_INFORMATION PROVIDED_:
········

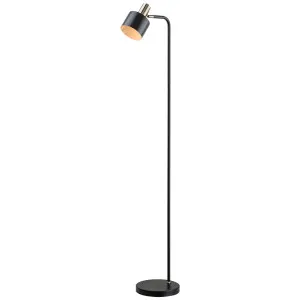 CLA Flotar Minimalist Floor Lamp with Adjustable Cylinder Shade and Brass Accents Black by Compact Lamps Australia, a Floor Lamps for sale on Style Sourcebook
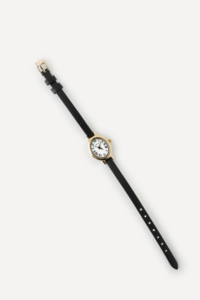 Montre-bracelet classique en cuir GBHW Ellipse, or noir, montre à quartz, boîtier en acier inoxydable de luxe, élégante montre de mode - Product Image 3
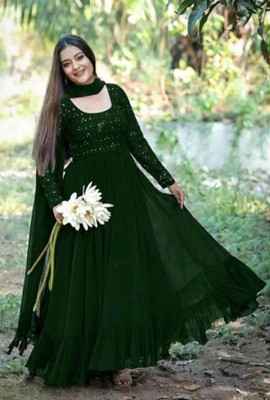 AMRIJA FASHION Anarkali Gown(Dark Blue)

········

_YOUR OBJECTIVE_:
Please write out all the data word for word, but keep every picture out.

_ANSWER FOR THIS EXERCISE_:
 CLA Flotar Minimalist Floor Lamp with Adjustable Cylinder Shade and Brass Accents Black by Compact Lamps Australia, a Floor Lamps for sale on Style Sourcebook
 Montre-bracelet classique en cuir GBHW Ellipse, or noir, montre à quartz, boîtier en acier inoxydable de luxe, élégante montre de mode - Product Image 3
 AMRIJA FASHION Anarkali Gown(Dark Blue)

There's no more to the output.